• **Record set**
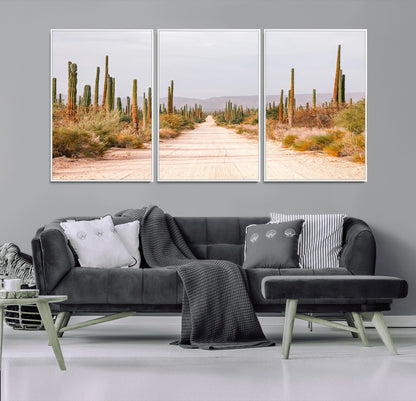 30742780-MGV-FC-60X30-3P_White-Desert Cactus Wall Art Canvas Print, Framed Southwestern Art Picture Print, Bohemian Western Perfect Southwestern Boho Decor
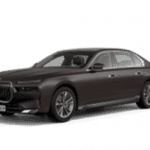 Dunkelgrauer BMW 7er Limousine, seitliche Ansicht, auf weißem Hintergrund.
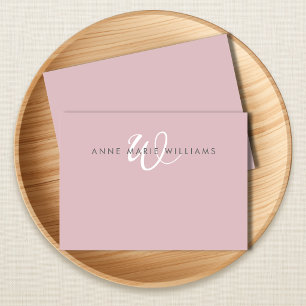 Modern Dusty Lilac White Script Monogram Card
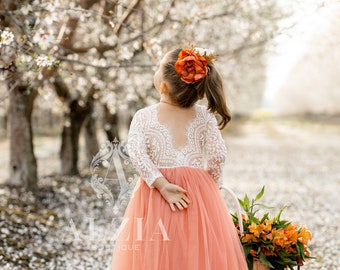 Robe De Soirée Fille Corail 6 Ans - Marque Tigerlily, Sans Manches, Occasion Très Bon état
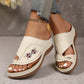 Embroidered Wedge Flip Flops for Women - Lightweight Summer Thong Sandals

---

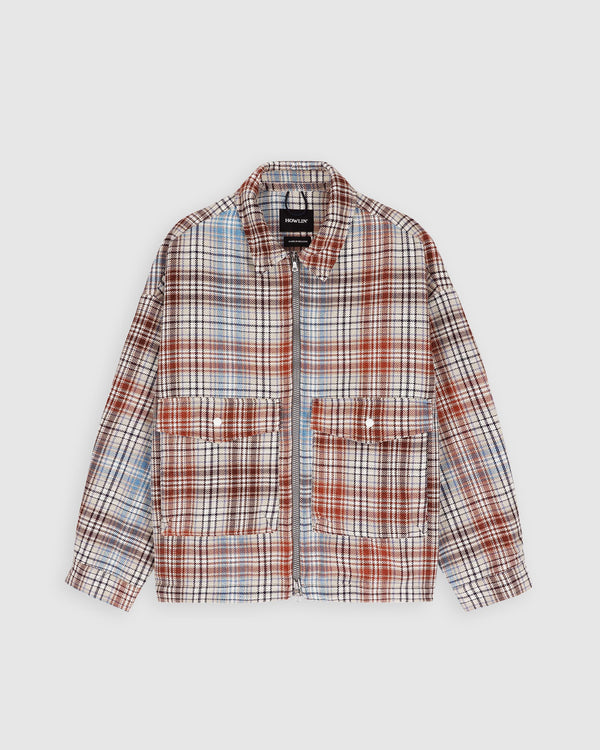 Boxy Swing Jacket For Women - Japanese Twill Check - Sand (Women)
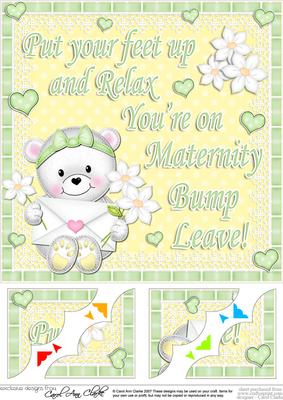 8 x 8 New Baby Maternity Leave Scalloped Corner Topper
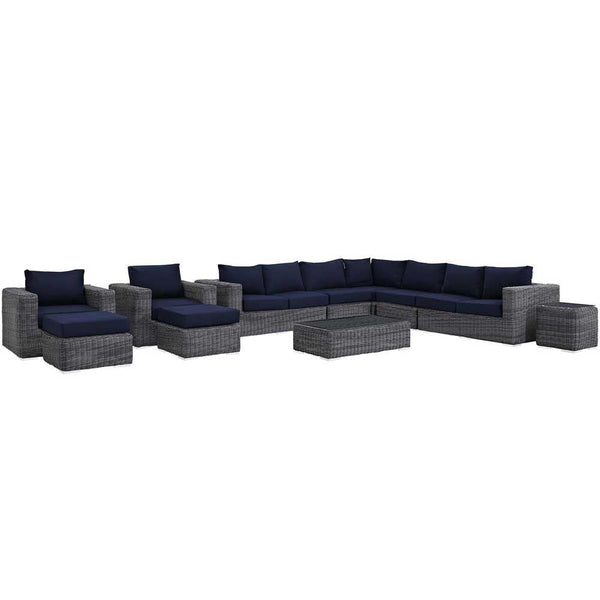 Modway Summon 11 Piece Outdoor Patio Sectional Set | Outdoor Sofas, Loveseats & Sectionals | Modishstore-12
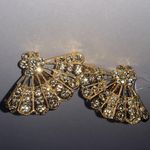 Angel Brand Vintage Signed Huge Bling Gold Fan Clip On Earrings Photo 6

---

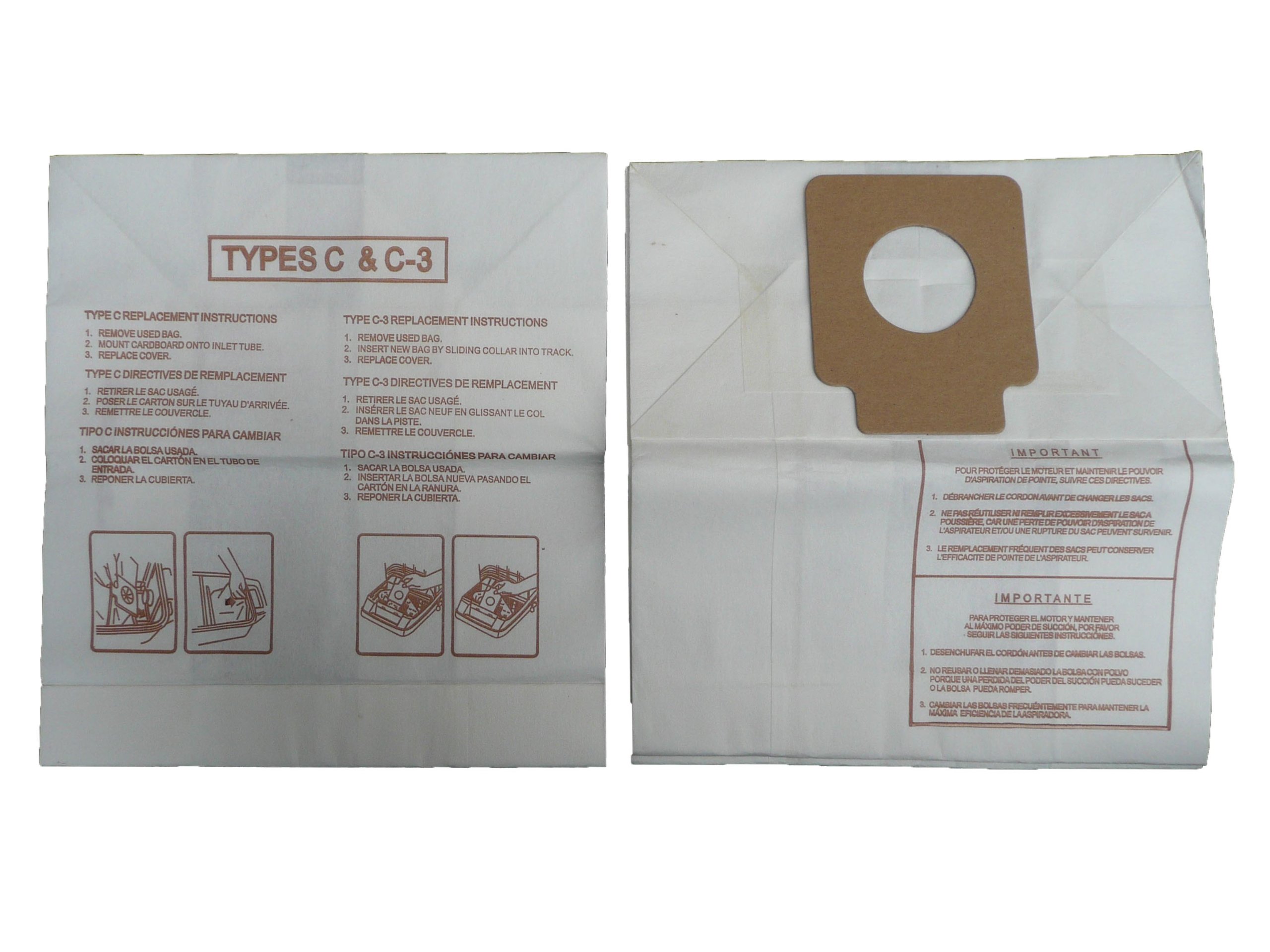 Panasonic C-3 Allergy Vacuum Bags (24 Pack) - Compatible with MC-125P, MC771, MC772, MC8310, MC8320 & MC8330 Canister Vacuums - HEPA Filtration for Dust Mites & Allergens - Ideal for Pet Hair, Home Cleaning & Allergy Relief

• **Exercise**
Reproduce the listing above exactly from the line containing "Modern Dusty Lilac" up to and including the line containing "Embroidered Wedge Flip", omitting any images and everything outside those lines.

• **Written answer**
 Modern Dusty Lilac White Script Monogram Card
 Robe De Soirée Fille Corail 6 Ans - Marque Tigerlily, Sans Manches, Occasion Très Bon état
 Embroidered Wedge Flip Flops for Women - Lightweight Summer Thong Sandals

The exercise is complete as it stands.